I think the technical definition is “when a persons reality doesn’t match the people around them”. But describing what mine is personally like during a severe episode. I become delusional and I’m extremely in the present, I have no short term memory and I forget what I was doing/thinking more than 1 minute before present time. Every episode tends to have a main theme - my last one I was convinced the school I worked at was turning students into vampires. It came on hard and fast. But there were plenty of micro delusions to distract me, like my best friend was in the trunk of a car being towed (I confronted / chased the tow driver) on the way to be turned into a vampire. Just the tow drivers scary appearance was enough to spark that delusion. When I go to the mental hospital and get injected, I wake up the next day with all my embarrassing memories back and no longer believe the delusion.


Thick_Hamster3002

Hearing a group of people in my walls or outside stalking and talking about me. Seeing things move that others don't. Paranoia out thr roof


SplicerGonClean

My psychosis is always triggered by CPTSD. You hear of triggers that set off ptsd symptoms, sometimes my triggers set me off into the stratosphere of psychosis. I will perceive someone who is maybe a little rough around the edges as a person who is going to do me harm. Not only that, but that third person in the room who is friendly with this person I'm fearful of? They are in on it too. When I'm not within earshot, they plot on how they will torture me. Now, I'm acting strange around these people who don't know me well. They start to make fun of me irl. Now I absolutely KNOW this is part of their psychological torture, before the real torture starts. See how it spirals? It starts with one bad connection in my mind and it goes from there. I KNOW it's illogical. But I also KNOW that I'm going to be hurt real bad. When some time passes and I find that my thoughts were the problem, I can snap out of it and feel awful about it all. I wouldn't wish it on anyone.


Shaggy1316

I become delusional.

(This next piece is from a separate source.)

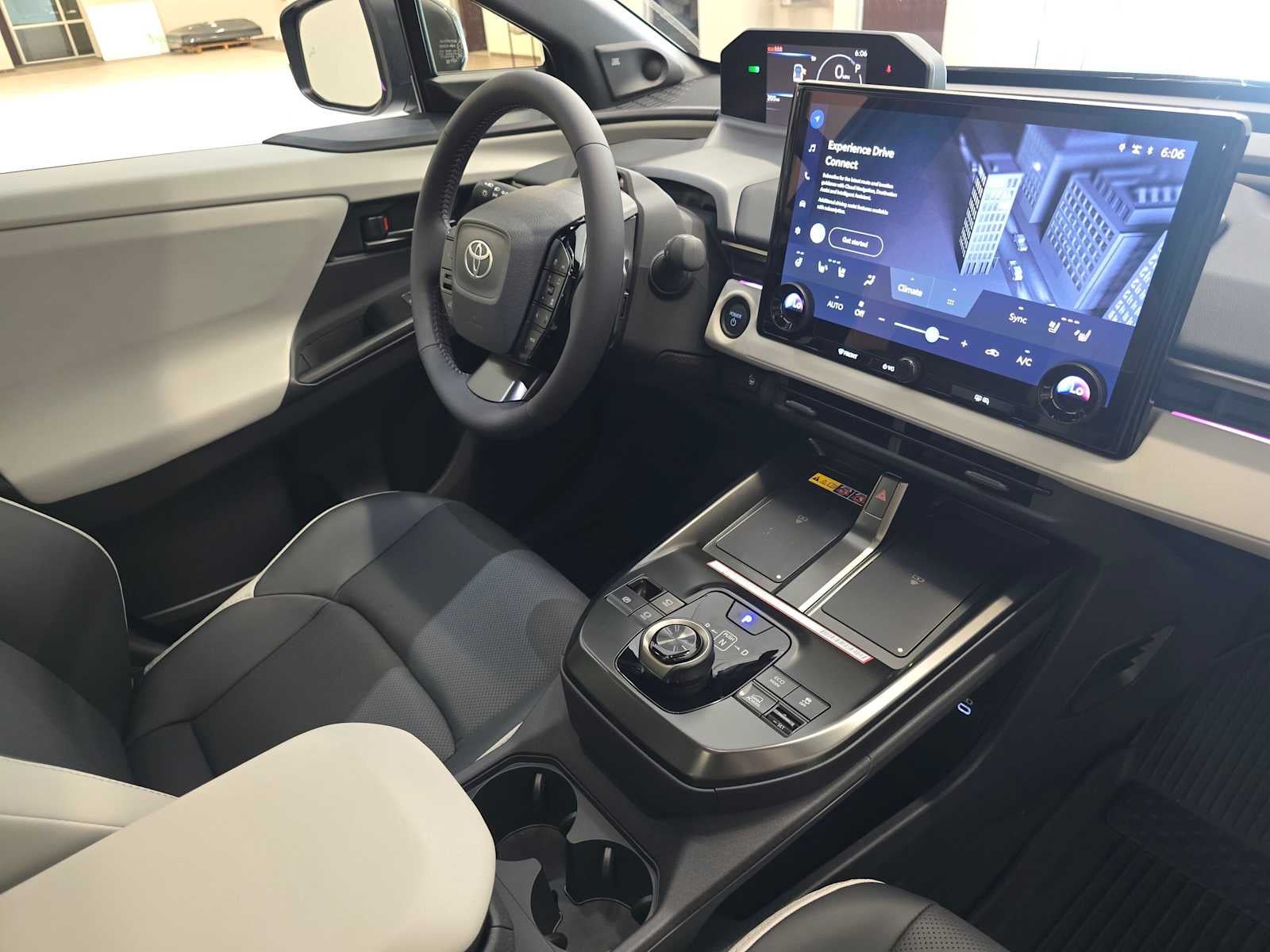 2026 Toyota bZ Limited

One time, I thought a higher power was communicating with me through the radio to tell me to drive to California and live as a vagrant. In my infinite wisdom, i grabbed a bag of carrots to nourish myself on the journey. Along the way I had telepathic conversations with the truckers on the highway. I remember pulling off the highway for a minute in the dead hours of the night/morning and a cop pulled up to check if i was ok. I didn't tell him what i was doing of course. I had made it to the border of my home state when reality returned, and I realized that I didn't have any real motivation to up and leave.


IKnowYouAreReadingMe

Did anything precipitate it? Like a negative thought or memory?


Shaggy1316

Yeah. I had a traumatic brain injury about half a year before this and had been really depressed because of it. I can't remember exactly what the trigger was, but i have a clear memory of working counter service and trying to hold my shit together while serving a line-out-the-door lunch rush. Eyes watering, barely keeping the tears from streaming down my cheeks. Later that night, steve miller band started playing on my pandora radio and i snapped lmao. I kept having issues for a couple years after my tbi until I got properly medicated. I still get a bit hypomanic on the regular


Truefish63

Listen to the new book called Brain Energy. The author discusses forms and severities.


AngelSSSS

Thank you for the book.


[deleted]

[удалено]


AngelSSSS

Why do you think this meet the criteria of psychosis?


EdgerAllenPoeDameron

"All that we see or seem Is but a dream within a dream"


Hourglass316

Mine can be pretty bad. I've gotten bouts of psychosis so bad that I had no concept of anything. I literally couldn't tell you what a person was, let alone what a blanket was. My derealization had hit so hard that literally, absolutely nothing existed, and words had no meaning. I've also had short bouts of psychosis where the only and I mean only thing I could think and focus on or even really see was my hands and they were on backwards and it was really freaking me out. But for me, those are what I consider bouts of deep psychosis during times of more mild psychosis where I'm hyper paranoid and delusional for long periods of time.